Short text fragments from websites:
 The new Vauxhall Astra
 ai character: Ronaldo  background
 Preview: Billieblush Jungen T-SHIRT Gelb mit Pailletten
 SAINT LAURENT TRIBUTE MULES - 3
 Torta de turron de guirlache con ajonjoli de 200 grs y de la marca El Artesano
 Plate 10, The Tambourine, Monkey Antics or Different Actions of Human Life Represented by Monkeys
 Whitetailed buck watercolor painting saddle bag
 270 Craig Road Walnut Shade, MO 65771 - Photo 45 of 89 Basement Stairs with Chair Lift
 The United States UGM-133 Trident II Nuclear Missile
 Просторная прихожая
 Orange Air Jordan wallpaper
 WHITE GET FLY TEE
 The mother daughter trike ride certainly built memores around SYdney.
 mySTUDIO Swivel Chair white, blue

▸ WHAT IS REQUIRED: Your task is to copy each line of the entries that includes the word "Chair".

▸ YOUR RESPONSE:
 270 Craig Road Walnut Shade, MO 65771 - Photo 45 of 89 Basement Stairs with Chair Lift
 mySTUDIO Swivel Chair white, blue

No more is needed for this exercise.